> [Exercise]
Exercise in exact copying: restate word for word only the lines below from the one containing "Honduras tendrá un" through the one containing "Butter Mom Bundle", omitting any pictures.

> [Data]
# # # # # # #

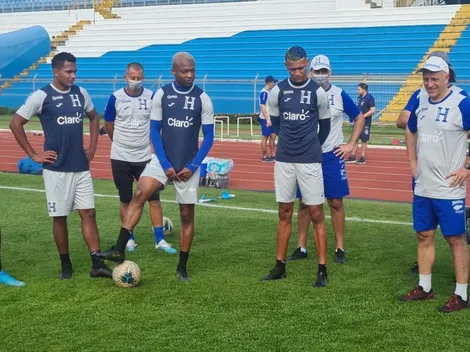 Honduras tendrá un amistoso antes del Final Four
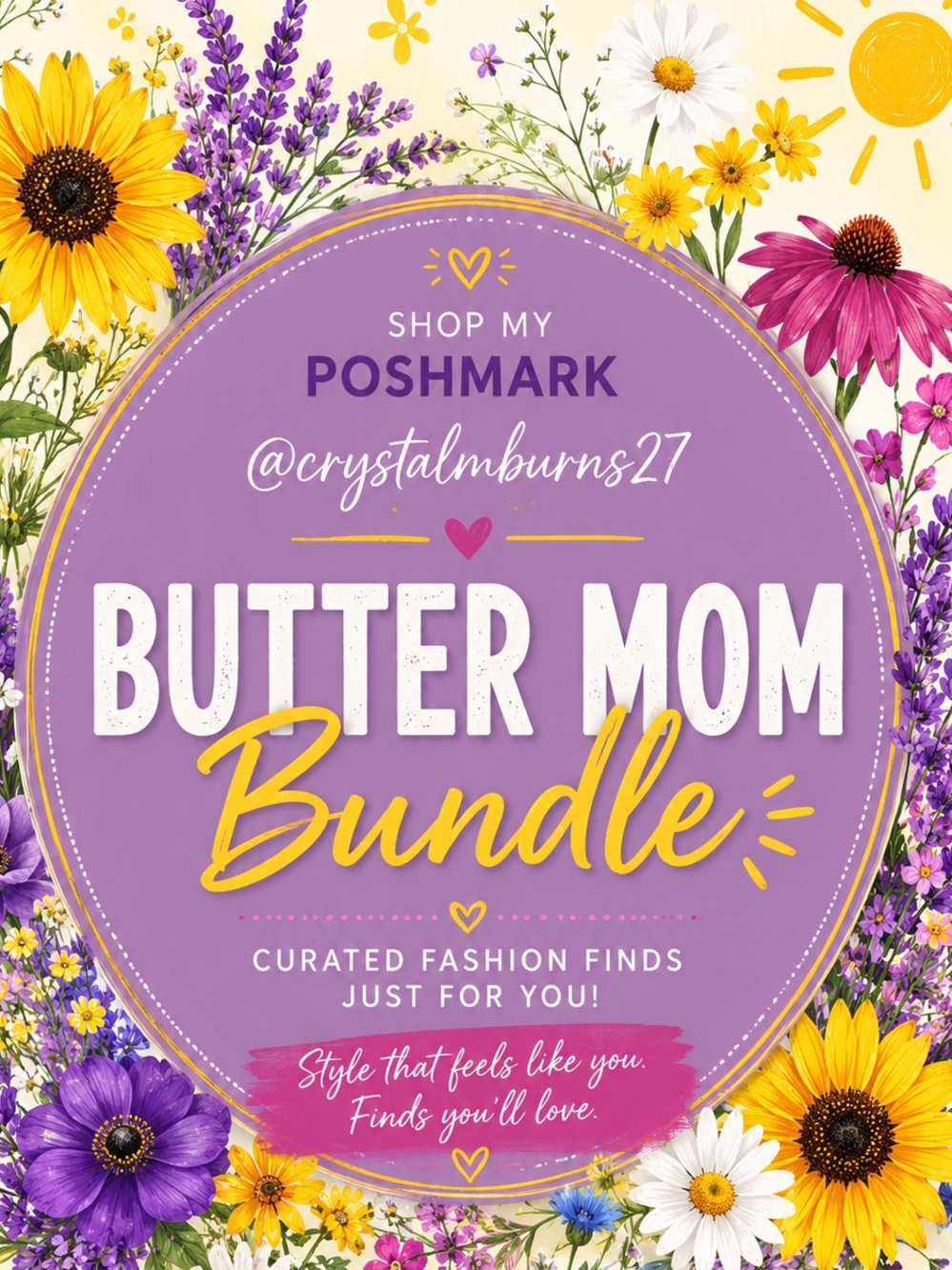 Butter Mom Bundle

# # # # # # #

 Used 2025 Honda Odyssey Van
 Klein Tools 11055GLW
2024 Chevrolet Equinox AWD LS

# # # # # # #

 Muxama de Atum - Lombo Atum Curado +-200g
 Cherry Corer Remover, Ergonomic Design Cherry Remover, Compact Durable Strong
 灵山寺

# # # # # # #

> [Written response]
 Honduras tendrá un amistoso antes del Final Four
 Butter Mom Bundle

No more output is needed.